He wants to lay down. Well, no. He's done this for whatever his
age is, for X number of days based on those years. Therefore, when you
walk by the house, the dog goes,
that's where we go. That's the pattern. That's the habit. Has nothing to do
with him wanting to go in and lay down and
stretch, hey, we're done, Mom, Dad– whatever. Because I guarantee
you, if you walked by your house for six days
without going into your house– just do it six days. Just do it a few times. Walk up and down the
street without going back into your house. Within six days, your dog,
when you get to your house, he will not pull to
go into your house.

Because it's a new pattern. We don't just walk in here. We don't just do that. Dogs are all about patterns. All right. So yes, you can. And matter of fact for
puppies imprinting, the best time starts
in that 6-week age– starting to show him what
behaviors you want and what behaviors you don't. And again, we'll take
that to the human world. The best time to learn languages
is at your youngest age, right? All the pathways for all the
neurological things that go on in your brain– I'm
not a neuroscientist, so please don't quote me–
but those pathways stay open as a child. And you can learn language and
things that later on in life are either difficult
or impossible because those paths
are no longer open. So taking that younger puppy
at his most eager to learn and eager to please time is
the primary and the best way to insure that your dog's going
to understand what you want and create a better
relationship with them. The old, old dogs can't learn
new tricks– definitely false. Like I said a minute ago, we can
take a dog, as long as it's not something that's been an
imprinted problem, something that came from
their early years, or there's a neurological
or psychological issue with the dog.

But basic behaviors we can
change because they still learn the same way.
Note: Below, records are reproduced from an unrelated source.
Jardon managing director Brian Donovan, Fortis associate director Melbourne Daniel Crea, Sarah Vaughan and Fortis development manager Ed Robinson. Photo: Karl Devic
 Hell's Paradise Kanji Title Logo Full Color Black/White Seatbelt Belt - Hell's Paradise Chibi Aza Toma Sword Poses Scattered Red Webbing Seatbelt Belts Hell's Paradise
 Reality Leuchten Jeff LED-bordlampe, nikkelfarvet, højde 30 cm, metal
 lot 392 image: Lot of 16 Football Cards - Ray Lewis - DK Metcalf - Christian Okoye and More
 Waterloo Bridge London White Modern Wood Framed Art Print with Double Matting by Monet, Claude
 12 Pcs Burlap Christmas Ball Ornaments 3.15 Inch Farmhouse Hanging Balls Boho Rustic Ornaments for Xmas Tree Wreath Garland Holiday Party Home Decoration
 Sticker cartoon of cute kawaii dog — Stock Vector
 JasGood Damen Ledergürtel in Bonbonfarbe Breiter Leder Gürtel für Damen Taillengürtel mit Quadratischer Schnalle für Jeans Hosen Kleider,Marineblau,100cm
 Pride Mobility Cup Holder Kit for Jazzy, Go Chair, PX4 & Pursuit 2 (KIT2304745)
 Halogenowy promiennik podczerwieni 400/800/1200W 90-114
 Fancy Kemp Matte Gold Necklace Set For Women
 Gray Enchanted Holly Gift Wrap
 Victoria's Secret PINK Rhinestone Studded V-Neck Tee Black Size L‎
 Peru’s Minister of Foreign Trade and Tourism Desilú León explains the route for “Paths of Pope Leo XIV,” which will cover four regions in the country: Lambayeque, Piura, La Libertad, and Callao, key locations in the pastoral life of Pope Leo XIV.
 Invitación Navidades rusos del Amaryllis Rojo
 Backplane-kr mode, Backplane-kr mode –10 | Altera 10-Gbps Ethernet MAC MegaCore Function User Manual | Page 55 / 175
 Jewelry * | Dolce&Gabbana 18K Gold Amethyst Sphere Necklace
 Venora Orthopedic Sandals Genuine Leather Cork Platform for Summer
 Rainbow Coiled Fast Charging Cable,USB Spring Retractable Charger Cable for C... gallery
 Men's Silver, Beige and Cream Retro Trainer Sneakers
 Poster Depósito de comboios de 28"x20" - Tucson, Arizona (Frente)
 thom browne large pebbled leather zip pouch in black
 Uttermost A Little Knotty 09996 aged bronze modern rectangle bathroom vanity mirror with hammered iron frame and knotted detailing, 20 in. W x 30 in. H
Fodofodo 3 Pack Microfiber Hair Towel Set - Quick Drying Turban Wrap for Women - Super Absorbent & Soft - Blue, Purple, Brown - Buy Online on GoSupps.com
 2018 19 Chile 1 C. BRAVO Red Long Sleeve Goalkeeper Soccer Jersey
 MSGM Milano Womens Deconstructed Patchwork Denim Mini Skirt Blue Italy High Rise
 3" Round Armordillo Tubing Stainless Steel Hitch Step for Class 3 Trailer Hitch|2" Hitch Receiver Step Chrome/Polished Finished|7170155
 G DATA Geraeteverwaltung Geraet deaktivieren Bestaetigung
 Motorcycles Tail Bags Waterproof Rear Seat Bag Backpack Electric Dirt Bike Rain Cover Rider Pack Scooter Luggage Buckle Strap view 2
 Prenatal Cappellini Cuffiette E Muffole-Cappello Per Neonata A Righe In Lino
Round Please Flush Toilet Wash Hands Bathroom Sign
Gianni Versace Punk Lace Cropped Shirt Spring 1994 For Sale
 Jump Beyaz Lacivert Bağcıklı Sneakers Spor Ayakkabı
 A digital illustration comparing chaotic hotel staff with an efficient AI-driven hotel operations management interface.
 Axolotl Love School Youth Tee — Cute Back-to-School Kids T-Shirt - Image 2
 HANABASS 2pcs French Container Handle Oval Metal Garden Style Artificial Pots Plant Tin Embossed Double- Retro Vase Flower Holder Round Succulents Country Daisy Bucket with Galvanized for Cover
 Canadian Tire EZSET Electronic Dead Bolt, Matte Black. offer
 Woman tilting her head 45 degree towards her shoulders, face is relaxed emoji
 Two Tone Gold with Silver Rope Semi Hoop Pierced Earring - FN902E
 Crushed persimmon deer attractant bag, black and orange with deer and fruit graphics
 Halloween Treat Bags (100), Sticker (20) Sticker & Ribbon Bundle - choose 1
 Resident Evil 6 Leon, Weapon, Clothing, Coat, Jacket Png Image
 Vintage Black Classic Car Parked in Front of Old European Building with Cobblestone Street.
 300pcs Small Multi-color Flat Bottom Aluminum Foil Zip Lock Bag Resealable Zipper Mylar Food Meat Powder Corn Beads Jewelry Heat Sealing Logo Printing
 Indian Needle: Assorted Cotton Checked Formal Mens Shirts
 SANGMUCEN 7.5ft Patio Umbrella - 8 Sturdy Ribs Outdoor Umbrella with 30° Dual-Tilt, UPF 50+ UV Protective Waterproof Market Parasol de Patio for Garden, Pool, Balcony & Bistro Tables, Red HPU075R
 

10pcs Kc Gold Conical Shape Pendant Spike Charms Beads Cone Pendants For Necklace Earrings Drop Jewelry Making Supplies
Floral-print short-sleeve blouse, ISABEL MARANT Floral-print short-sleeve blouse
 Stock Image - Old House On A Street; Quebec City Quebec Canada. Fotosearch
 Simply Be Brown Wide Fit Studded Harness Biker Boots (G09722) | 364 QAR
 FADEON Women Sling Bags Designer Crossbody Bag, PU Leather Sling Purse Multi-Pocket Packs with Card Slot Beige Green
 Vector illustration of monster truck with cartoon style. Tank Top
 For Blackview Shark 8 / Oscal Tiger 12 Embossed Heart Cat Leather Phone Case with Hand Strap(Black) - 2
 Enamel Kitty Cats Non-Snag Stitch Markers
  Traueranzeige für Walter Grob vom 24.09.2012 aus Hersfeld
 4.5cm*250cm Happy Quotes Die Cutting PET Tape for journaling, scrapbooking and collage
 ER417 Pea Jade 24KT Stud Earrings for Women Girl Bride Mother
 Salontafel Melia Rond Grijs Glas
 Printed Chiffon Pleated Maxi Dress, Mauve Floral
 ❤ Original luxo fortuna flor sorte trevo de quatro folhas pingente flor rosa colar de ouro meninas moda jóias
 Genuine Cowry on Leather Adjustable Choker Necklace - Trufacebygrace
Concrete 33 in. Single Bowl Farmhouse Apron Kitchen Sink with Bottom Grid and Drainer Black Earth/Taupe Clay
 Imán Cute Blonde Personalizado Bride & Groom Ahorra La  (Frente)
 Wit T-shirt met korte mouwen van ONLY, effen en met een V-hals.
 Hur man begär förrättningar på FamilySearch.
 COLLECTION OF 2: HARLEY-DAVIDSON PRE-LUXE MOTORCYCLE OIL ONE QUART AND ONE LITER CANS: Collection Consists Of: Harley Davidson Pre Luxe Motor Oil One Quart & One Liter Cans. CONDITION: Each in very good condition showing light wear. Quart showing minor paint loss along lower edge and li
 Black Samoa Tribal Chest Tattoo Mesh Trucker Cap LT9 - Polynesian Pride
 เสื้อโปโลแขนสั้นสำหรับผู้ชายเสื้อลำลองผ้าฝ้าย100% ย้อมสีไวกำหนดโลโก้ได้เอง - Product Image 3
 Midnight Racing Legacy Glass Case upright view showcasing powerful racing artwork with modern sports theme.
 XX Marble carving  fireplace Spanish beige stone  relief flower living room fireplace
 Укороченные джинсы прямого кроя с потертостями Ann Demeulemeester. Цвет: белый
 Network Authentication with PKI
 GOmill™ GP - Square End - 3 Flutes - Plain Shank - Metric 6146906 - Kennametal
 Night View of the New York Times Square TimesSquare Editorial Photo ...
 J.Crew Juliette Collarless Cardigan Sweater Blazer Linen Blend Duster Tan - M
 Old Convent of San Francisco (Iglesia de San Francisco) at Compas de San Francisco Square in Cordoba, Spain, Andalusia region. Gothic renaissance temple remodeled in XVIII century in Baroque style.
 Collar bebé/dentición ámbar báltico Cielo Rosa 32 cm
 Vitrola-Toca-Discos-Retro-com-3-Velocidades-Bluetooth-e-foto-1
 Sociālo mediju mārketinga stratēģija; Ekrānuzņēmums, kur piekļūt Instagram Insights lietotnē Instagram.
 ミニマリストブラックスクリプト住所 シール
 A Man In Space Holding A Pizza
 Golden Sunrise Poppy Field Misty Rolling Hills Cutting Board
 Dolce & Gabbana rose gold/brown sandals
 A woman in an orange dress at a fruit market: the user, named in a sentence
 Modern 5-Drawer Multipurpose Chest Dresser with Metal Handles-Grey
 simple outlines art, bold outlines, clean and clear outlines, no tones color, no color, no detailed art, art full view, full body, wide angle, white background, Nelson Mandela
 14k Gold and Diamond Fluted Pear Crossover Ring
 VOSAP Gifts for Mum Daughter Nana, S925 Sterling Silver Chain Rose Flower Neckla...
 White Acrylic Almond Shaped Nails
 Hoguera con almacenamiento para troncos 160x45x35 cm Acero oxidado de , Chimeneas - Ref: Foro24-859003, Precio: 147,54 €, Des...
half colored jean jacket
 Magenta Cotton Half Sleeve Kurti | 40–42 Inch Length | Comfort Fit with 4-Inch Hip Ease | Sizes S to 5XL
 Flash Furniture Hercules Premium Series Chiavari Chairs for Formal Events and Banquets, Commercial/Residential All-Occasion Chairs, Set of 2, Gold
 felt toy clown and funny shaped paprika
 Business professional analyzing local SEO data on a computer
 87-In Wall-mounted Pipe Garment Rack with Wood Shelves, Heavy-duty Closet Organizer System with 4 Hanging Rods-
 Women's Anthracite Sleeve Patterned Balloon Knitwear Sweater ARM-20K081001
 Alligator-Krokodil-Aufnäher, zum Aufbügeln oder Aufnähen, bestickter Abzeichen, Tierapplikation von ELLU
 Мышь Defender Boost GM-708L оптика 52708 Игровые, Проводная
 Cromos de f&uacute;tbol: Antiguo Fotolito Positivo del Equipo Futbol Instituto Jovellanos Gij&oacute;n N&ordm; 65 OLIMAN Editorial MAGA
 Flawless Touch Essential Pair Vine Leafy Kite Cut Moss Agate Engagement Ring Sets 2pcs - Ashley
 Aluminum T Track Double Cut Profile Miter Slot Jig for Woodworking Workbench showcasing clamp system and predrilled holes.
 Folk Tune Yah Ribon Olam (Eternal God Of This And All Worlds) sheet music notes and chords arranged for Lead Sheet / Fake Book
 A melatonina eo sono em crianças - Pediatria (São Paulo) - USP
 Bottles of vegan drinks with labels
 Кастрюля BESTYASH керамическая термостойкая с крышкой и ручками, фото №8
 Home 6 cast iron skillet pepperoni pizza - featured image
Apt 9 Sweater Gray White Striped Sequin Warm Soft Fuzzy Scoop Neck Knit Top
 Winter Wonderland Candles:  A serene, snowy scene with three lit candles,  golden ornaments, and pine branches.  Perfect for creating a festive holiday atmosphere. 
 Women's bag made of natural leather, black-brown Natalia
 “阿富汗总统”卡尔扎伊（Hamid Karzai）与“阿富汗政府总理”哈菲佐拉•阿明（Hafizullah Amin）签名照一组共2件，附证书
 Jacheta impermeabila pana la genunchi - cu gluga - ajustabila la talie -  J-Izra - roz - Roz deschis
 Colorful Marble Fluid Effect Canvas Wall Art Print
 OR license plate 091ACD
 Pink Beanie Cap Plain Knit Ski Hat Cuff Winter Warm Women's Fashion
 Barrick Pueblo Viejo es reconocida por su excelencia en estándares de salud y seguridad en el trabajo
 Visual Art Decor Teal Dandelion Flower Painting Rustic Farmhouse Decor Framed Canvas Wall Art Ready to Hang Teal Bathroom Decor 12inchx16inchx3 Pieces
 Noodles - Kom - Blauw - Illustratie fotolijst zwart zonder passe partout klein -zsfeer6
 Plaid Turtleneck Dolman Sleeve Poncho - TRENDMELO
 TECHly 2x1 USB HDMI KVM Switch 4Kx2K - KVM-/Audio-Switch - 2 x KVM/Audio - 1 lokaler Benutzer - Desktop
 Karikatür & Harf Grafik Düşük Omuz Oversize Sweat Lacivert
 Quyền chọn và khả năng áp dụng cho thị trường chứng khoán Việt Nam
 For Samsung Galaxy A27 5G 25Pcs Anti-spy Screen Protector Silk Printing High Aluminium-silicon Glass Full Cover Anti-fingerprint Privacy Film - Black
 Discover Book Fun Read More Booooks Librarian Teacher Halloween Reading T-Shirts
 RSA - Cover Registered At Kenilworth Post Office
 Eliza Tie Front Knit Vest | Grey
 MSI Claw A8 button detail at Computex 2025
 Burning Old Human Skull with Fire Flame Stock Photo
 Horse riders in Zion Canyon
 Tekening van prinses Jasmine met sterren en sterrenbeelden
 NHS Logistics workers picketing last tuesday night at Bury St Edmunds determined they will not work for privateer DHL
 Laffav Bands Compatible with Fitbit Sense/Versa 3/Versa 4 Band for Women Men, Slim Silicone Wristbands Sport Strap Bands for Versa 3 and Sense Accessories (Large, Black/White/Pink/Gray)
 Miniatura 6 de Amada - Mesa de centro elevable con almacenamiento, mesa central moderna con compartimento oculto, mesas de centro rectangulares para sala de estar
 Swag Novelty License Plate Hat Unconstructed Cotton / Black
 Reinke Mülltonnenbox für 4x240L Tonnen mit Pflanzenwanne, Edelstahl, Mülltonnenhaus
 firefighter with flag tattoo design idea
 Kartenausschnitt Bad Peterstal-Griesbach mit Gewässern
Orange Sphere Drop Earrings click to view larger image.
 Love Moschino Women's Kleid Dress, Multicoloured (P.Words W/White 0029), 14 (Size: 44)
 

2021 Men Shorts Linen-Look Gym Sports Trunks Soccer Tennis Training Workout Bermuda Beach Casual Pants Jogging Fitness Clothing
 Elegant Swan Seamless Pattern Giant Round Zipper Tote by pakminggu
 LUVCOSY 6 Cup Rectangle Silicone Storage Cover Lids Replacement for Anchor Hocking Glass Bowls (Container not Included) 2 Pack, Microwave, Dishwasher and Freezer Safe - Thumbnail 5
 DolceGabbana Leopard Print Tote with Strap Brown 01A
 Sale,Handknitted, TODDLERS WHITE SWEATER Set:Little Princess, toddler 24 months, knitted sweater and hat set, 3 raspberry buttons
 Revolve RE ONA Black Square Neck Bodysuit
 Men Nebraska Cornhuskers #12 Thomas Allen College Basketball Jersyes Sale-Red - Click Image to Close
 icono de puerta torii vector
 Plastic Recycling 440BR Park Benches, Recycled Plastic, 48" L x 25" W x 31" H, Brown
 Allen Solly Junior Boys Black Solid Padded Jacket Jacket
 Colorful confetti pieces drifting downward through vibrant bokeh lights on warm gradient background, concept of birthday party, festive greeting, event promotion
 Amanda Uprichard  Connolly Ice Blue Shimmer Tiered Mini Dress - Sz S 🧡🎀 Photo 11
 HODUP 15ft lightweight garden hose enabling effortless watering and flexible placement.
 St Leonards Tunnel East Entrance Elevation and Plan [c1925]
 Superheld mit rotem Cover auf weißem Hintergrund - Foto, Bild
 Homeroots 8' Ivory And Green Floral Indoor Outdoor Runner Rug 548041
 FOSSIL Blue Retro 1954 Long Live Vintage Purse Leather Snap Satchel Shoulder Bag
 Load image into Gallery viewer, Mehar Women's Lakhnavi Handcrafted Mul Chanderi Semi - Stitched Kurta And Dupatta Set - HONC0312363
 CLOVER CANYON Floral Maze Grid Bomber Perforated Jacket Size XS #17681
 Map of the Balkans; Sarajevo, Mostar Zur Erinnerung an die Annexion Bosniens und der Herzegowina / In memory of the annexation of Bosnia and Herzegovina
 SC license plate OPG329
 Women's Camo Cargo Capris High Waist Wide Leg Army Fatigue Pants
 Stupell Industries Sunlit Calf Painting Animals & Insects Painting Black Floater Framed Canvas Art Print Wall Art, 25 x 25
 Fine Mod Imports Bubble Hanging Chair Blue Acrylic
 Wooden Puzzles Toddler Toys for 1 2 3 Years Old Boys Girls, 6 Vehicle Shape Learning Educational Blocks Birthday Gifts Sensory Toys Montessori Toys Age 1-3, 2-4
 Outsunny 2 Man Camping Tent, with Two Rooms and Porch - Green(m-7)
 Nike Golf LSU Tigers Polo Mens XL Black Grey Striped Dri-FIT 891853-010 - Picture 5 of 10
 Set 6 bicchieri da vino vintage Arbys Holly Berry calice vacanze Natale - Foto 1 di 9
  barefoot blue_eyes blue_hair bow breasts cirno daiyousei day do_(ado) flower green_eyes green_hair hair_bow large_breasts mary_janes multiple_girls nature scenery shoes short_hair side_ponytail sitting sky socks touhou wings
The question already
came out I was going to touch– if
you train with food, you could never
wean away from it. Once your dog has
learned an exercise, you wean them off of the food. So training with food is
an absolutely valid way to train a dog to
learn a behavior. It's our failure to break it
up and become a variable reward that causes them not
to get away from it. We haven't made them
go to the next step. One of my favorite things that
I love to beat people up on is when they tell me, my dog
knows when they've done wrong. How many of you guys say that? Go ahead, raise your hand. Otherwise, you're lying.

You walk into the house,
and the place is destroyed. And your dog goes–
I guarantee you, the first time that you
walked into your house and your house was
destroyed, he didn't do that. About the third or fourth
time, yeah, he does that. Where does our feeling of
guilt come from as humans? Morality, right? We've got this thing in our
human psyche called morality. We know right and wrong. Does a dog have morality? Because if he does, somebody
needs to talk to my dog. Because man, that guy–
it's like a prison yard in my backyard sometimes. It's terrible. So if the dog
doesn't have morals, if he doesn't know right
and wrong, if it wasn't beat into his head like we
humans do to imprint a moral code into our
being as children– if he doesn't have a moral
code, how can he be guilty? He can't.

But what he learns
is appeasement, how to turn pressure off. Escape avoidance is
the process of training that takes pressure and
turns it off by a behavior. So you walk in, he's torn
up your favorite shoes, and they're laying there in
the middle of the floor where he was sitting there
chewing them for hours. And you walk in, Fido! And he goes, what? Bad dog! And he goes, ugh, OK, I'm sorry.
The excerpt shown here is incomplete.